DC 136:25-26 If thou borrowest of thy neighbor, thou shalt restore that which thou hast borrowed
In Winter Quarters, many saints were more destitute than in any other time in the church's history. The temptation to hold on to another's property was certainly present. The Lord's warnings against such dishonesty have an Old Testament ring to them. Again, the parallelism between the Moses' "children of Israel" and the Brigham's "Camp of Israel" is underscored.
If thou borrowest of thy neighbor, thou shalt restore that which thou hast borrowed (D&C 136:25)
If a man borrow ought of his neighbor, and it be hurt, or die... he shall surely make it good (Ex. 22:14)
If thou canst not repay then go straightway and tell thy neighbor (D&C 136:25)
If there be among you a poor man... thou shalt not harden thine heart... but thou shalt open thine hand wide unto him, and shalt surely lend him sufficient for his need (Deut. 15:7-8)
If thou shalt find that which thy neighbor has lost, thou shalt make diligent search till thou shalt deliver it to him again (D&C 136:26)

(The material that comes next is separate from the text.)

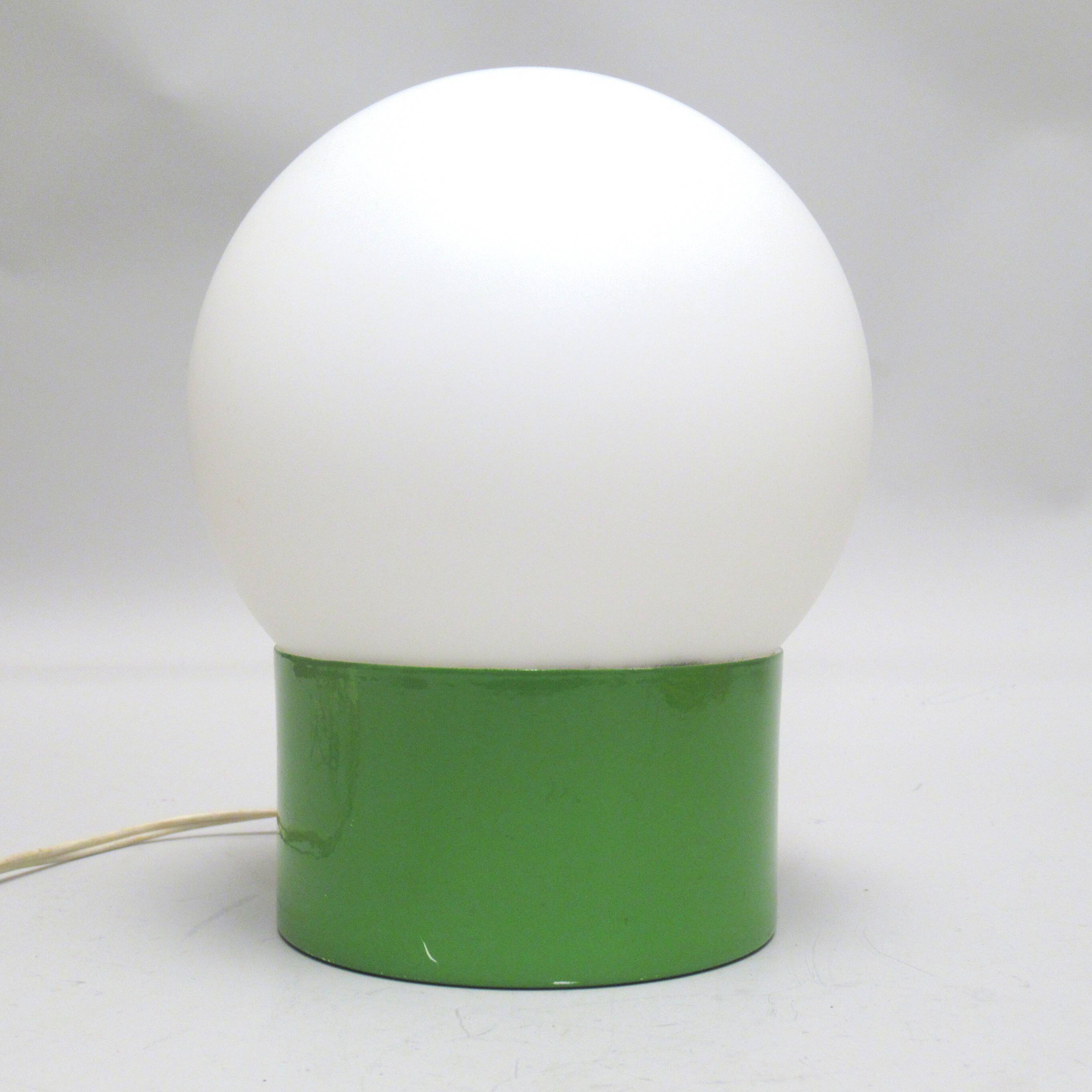 Lampe boule sur pied cylindrique vert années 70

If thou meet thine enemy's ox or his ass going astray, thou shalt surely bring it back to him again (Ex 23:4)
Joseph B. Wirthlin
A little lying, a little cheating, or taking a little unfair advantage are not acceptable to the Lord... Nearly every day we hear of fraud, misapplication of funds, false advertising, or other dealings designed to obtain gain by cheating or deception. The Lord abhors such practices. A proverb states, "A false balance [that is, a deceptive scale] is abomination to the Lord: but a just weight is his delight." (Prov. 11:1.) The Lord commanded, "If thou borrowest ... , thou shalt restore that which thou hast borrowed." (D&C 136:25.) He commanded the ancient Israelites:
Ye shall not steal, neither deal falsely, neither lie one to another. ...
Thou shalt not defraud thy neighbour, neither rob him. ...
Ye shall do no [injustice] in judgment, ... in weight, or in measure.
Just balances, just weights ... shall ye have. (Lev. 19:11, 13, 35-36.)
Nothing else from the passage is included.